Solidityのコードで必ず見かける“onlyOwner”について解説します。
onlyOwnerとは?
onlyOwnerとは、「そのコントラクト所有者のみが呼び出し可能にする修飾子」のことです。
関数にonlyOwnerを修飾することで、その関数は、そのコントラクトのオーナーしか呼べ出せないよう制限を掛けることができます。(※修飾子については以下の関連記事をご覧ください)
onlyOwnerの中身
onlyOwnerは関数の修飾に使用するため、事前に定義しておく必要があります。
ほとんどの場合、以下のような実装になるかと思います。(逆にいうとonlyOwnerの中身がメチャクチャだとonlyOwner自体の処理も変わってしまいますので注意が必要です)
address owner;
constructor() {
owner = msg.sender;
}
modifier onlyOwner {
require (msg.sender == owner);
_;
}
onlyOwnerの中身にある“require (msg.sender == owner)”が肝ですね。

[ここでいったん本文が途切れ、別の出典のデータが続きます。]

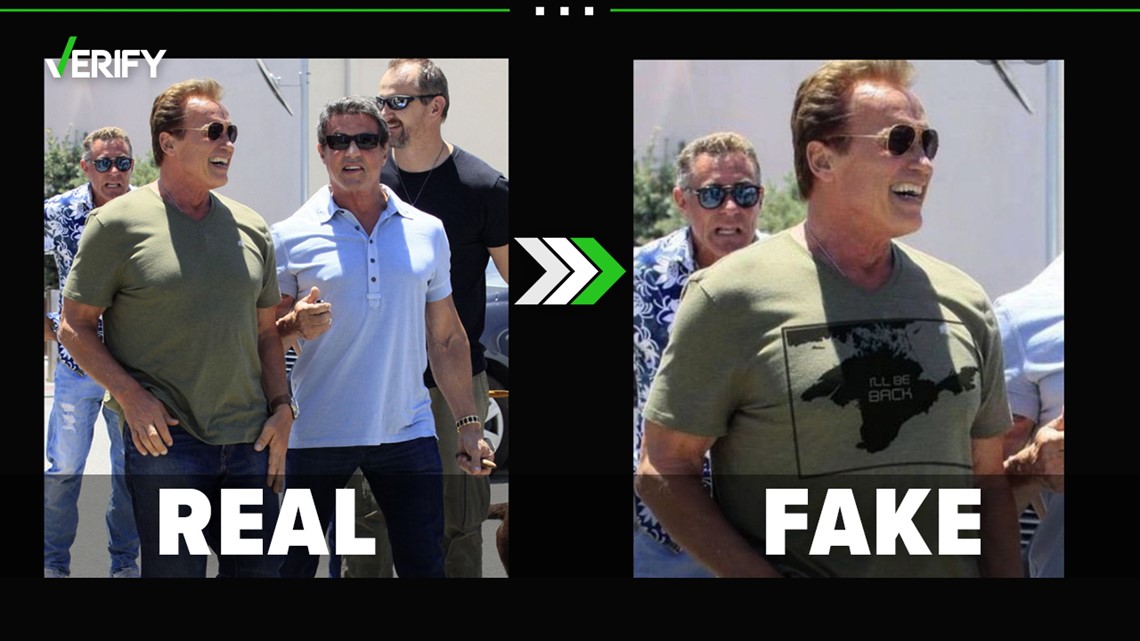 Viral image of Arnold Schwarzenegger wearing a Crimea shirt is fake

呼び出し元がオーナーかどうかチェックし、オーナーではない場合、処理を中断します。
“_;”の意味ですが、「処理を続行する」という意味で、onlyOwnerで修飾した関数の処理がそのまま続けて実行されるようにするために記述しています。(この記述が無いと関数にonlyOwnerを修飾しても、関数の処理が続けて実行されず、onlyOwnerで処理がストップしてしまいます)
一方、onlyOwnerを関数に修飾すると、以下のようになります。
function sayHi() public onlyOwner view returns(string memory) {
return "Hi Owner!";
}
このように関数にonlyOwnerを付けるだけで、onlyOwnerで定義した処理(=そのコントラクト所有者のみが呼び出し可能)を、関数が呼び出される前に実行することができます。

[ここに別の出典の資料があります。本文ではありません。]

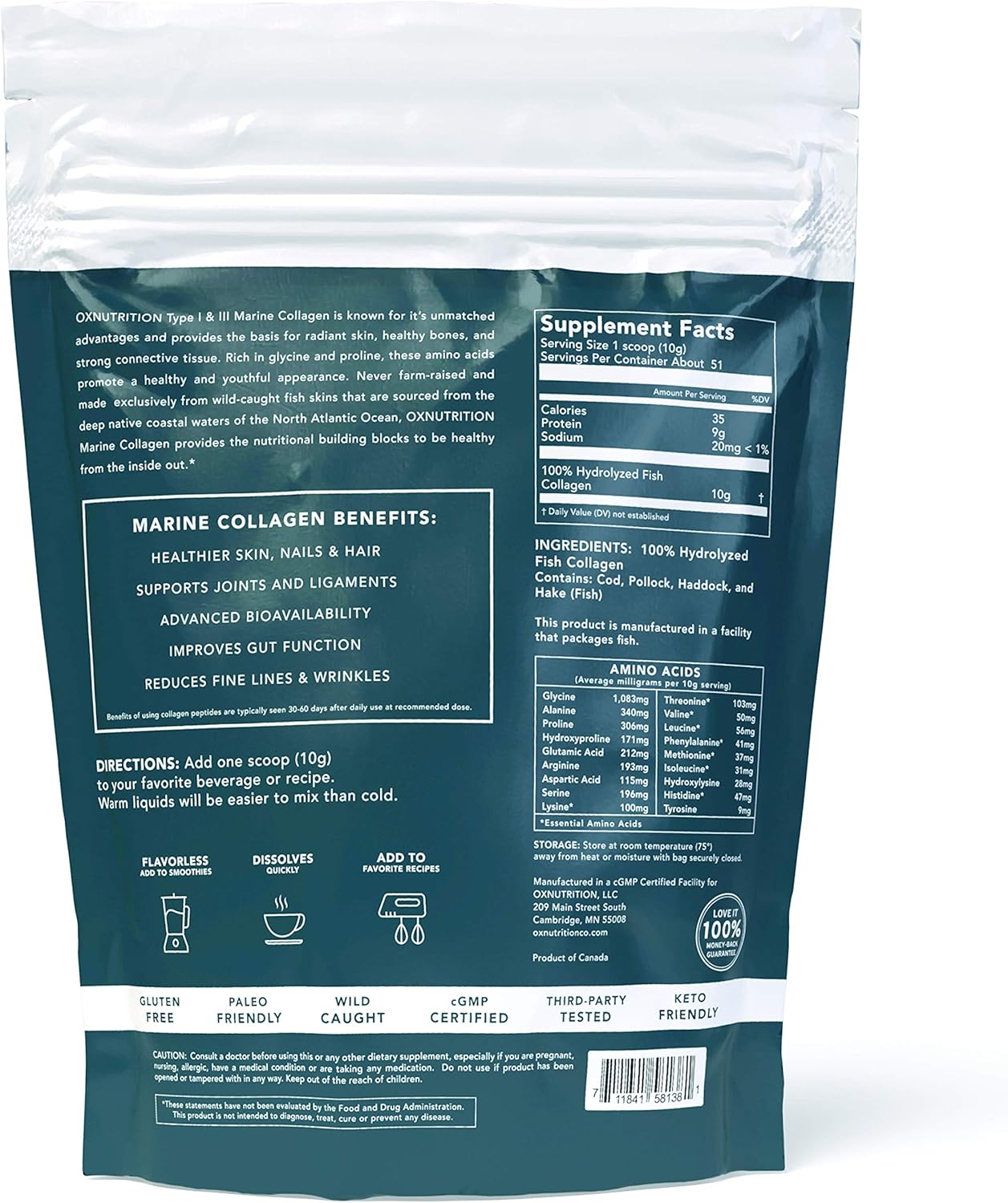 Premium OXNUTRITION Hydrolyzed Marine Collagen Peptides Powder - 18 Oz Anti-Aging Formula for Skin, Hair, Nails, and Joints - Non-GMO, Gluten Free, 3P Tested - Unflavored, Certified cGMP Compliant - BoostGo Australia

すなわち、上記のsayHi関数は、そのコントラクトのオーナーしか呼び出すことができません。
サンプルコード
最後に、onlyOwnerの定義、関数への修飾も含め、サンプルコード全文を掲載させて頂きます。
// SPDX-License-Identifier: MIT
pragma solidity ^0.8.17;
contract Sample {
// onlyOwner修飾子を定義
modifier onlyOwner {
require (msg.sender == owner); // 呼び出し元がオーナーでなければ処理中断
_; // そのまま修飾した関数の処理を続行
}
// 関数にonlyOwner修飾子を修飾(コントラクト所有者しか呼び出せないようにする)

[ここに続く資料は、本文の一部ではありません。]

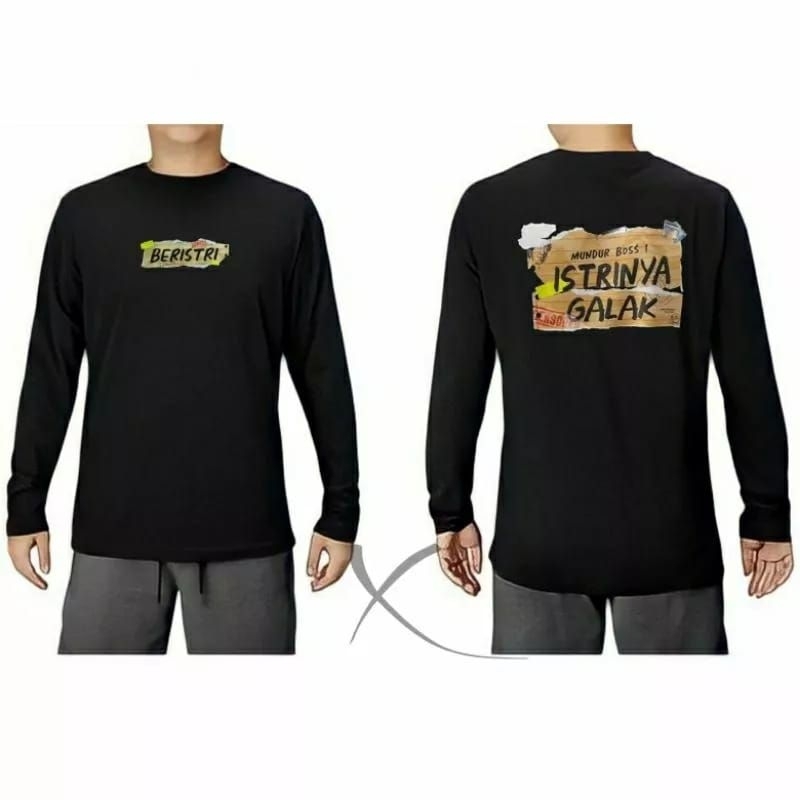 KAOS VIRAL BERISTRI MUNDUR BOSS ISTRINYA GALAK LENGAN PANJANG//TSHIRT NEW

function sayHi() public onlyOwner view returns(string memory) {
return "Hi Owner!";
}
}
onlyOwnerという名前の修飾子が頻繁に登場するため、onlyOwnerに特化して解説しましたが、onlyOwnerはあくまでmodifier修飾子の一つにすぎません。用途に応じてmodifier修飾子を自作することで、このonlyOwnerと同じような使い方ができるため、modifier修飾子についてマスターしておきましょう。